> _INSTRUCTIONS TO FOLLOW_
Please write the listing below out again exactly, leaving every picture behind.

> _RECORDS FOR THE TASK_
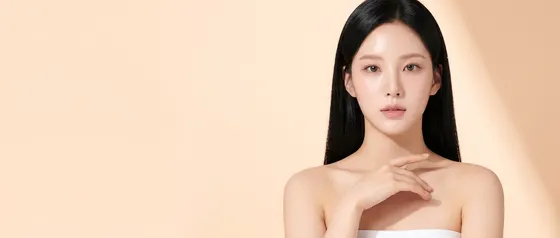 가상모델 #138 히어로 섹션 31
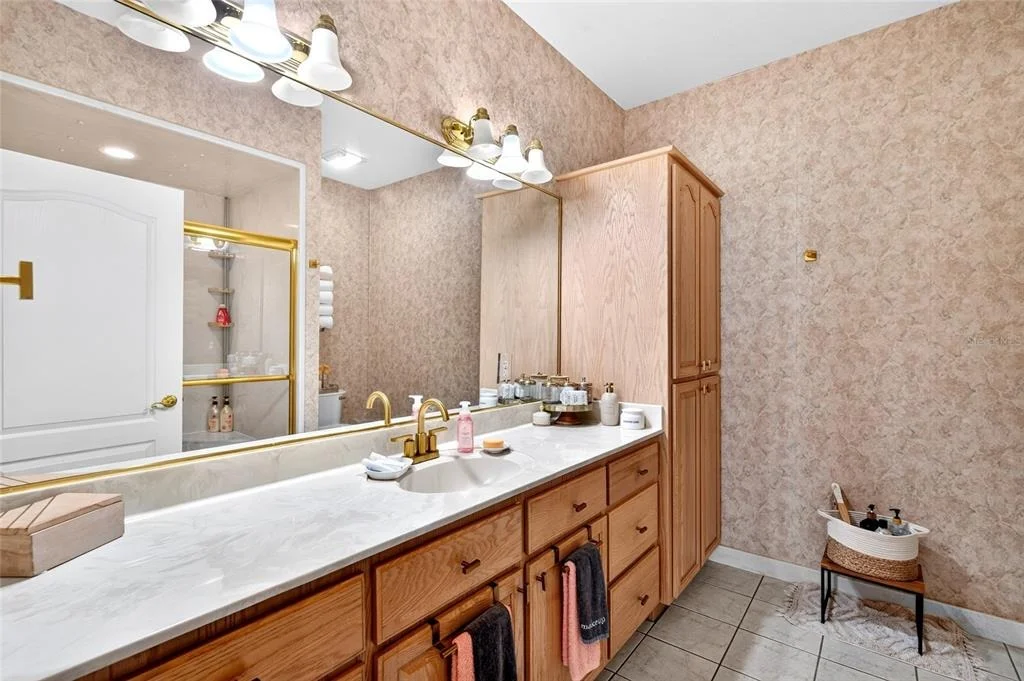 Photo of 129 BAHIA TRACE
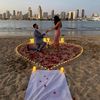 ali_salm87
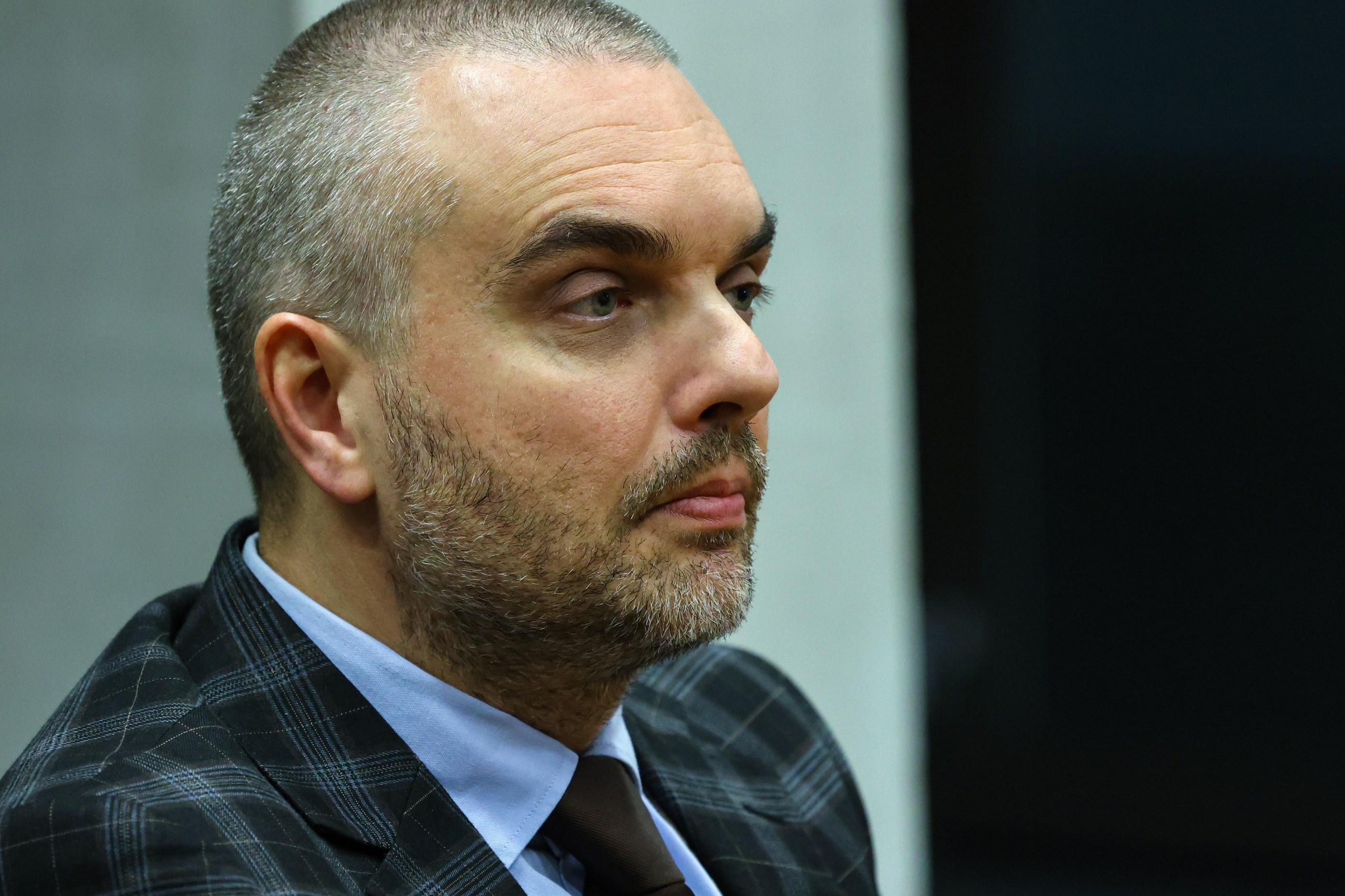 Prof. Artur Kotowski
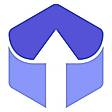 Memberply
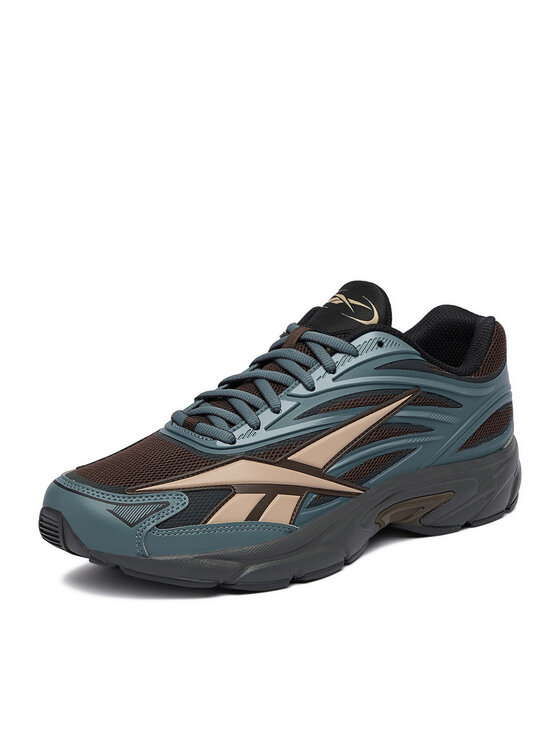 Reebok Reebok Снікерcи EO-PREMIER ROAD 1000 100272863 Голубий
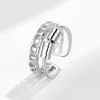 White gold color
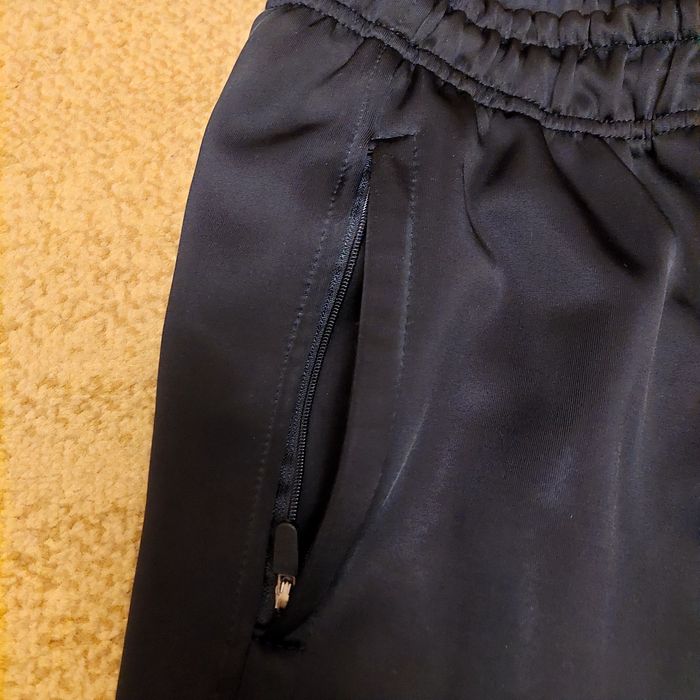 Продам термоштаны Nike размер М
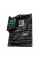 Материнська плата Asus ROG Strix Z790-F Gaming WiFi II Socket 1700
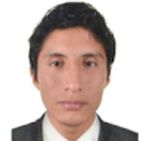 roly-hasael-pariona-silva-1
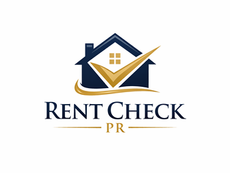 Rent Check PR: la plataforma que busca modernizar la verificación de inquilinos en Puerto Rico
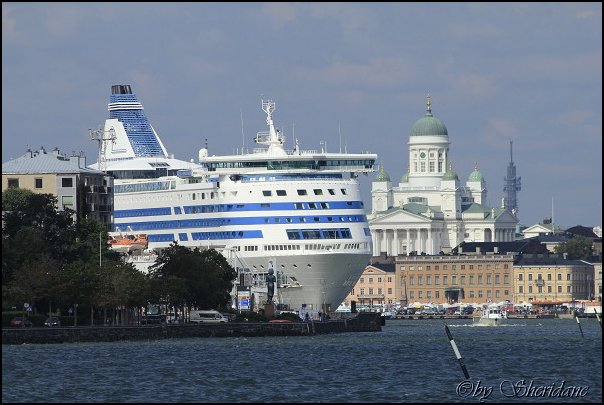 Helsinki069.jpg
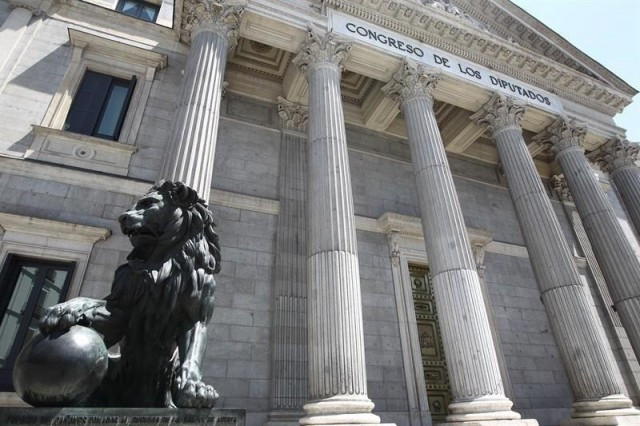 Congreso5 2 1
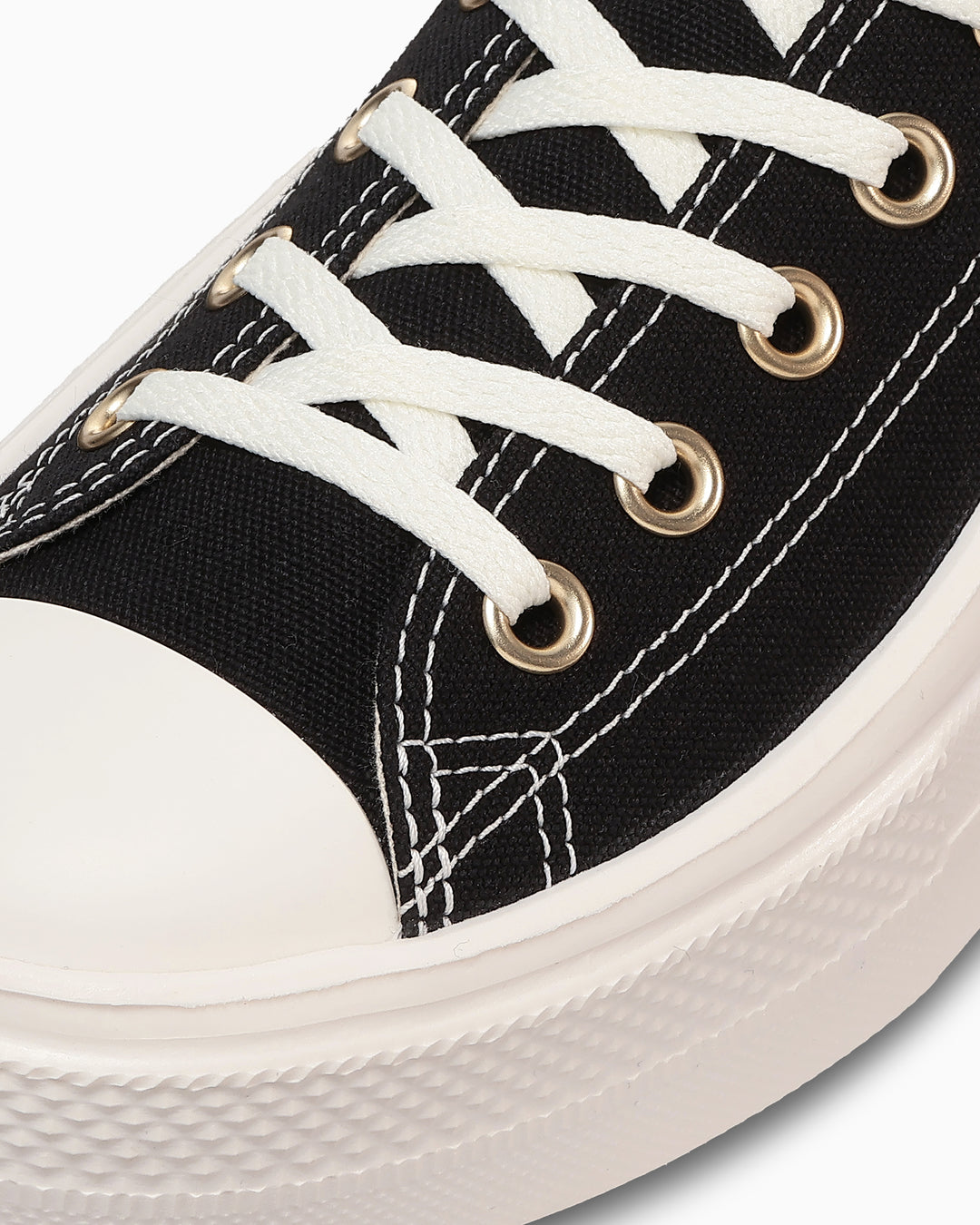 ALL STAR LIGHT PLTS Ⅱ GE OX / オールスター ライト PLTS Ⅱ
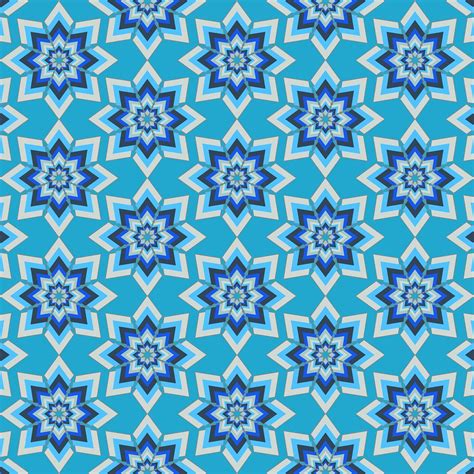 Image result for Flower Repeat Pattern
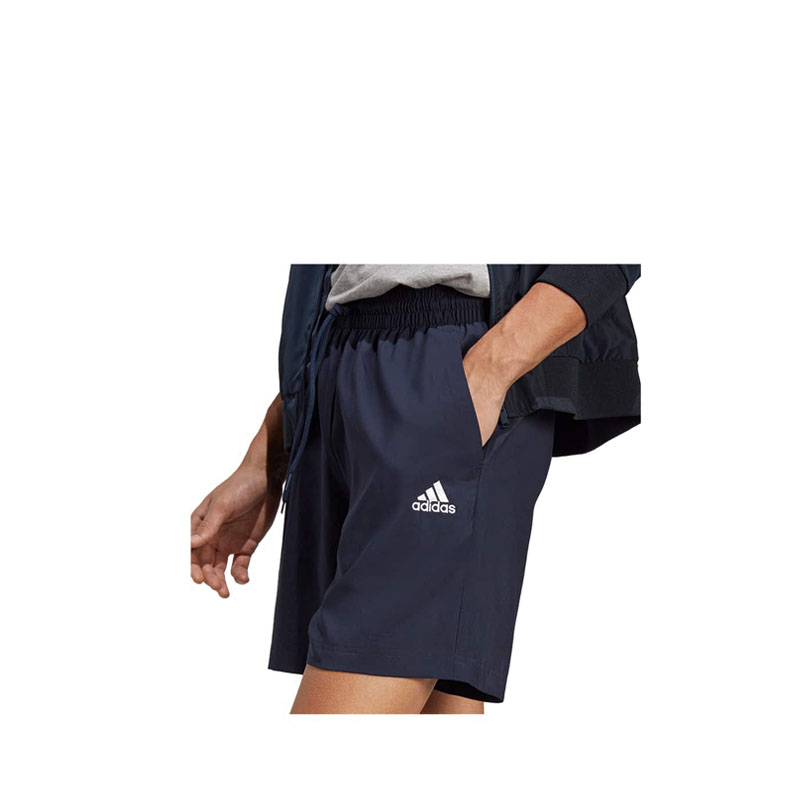 Adidas herren sales essentials chelsea shorts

> _WRITTEN RESPONSE_
 가상모델 #138 히어로 섹션 31
 Photo of 129 BAHIA TRACE
 ali_salm87
 Prof. Artur Kotowski
 Memberply
 Reebok Reebok Снікерcи EO-PREMIER ROAD 1000 100272863 Голубий
 White gold color
 Продам термоштаны Nike размер М
 Материнська плата Asus ROG Strix Z790-F Gaming WiFi II Socket 1700
 roly-hasael-pariona-silva-1
 Rent Check PR: la plataforma que busca modernizar la verificación de inquilinos en Puerto Rico
 Helsinki069.jpg
 Congreso5 2 1
 ALL STAR LIGHT PLTS Ⅱ GE OX / オールスター ライト PLTS Ⅱ
 Image result for Flower Repeat Pattern
 Adidas herren sales essentials chelsea shorts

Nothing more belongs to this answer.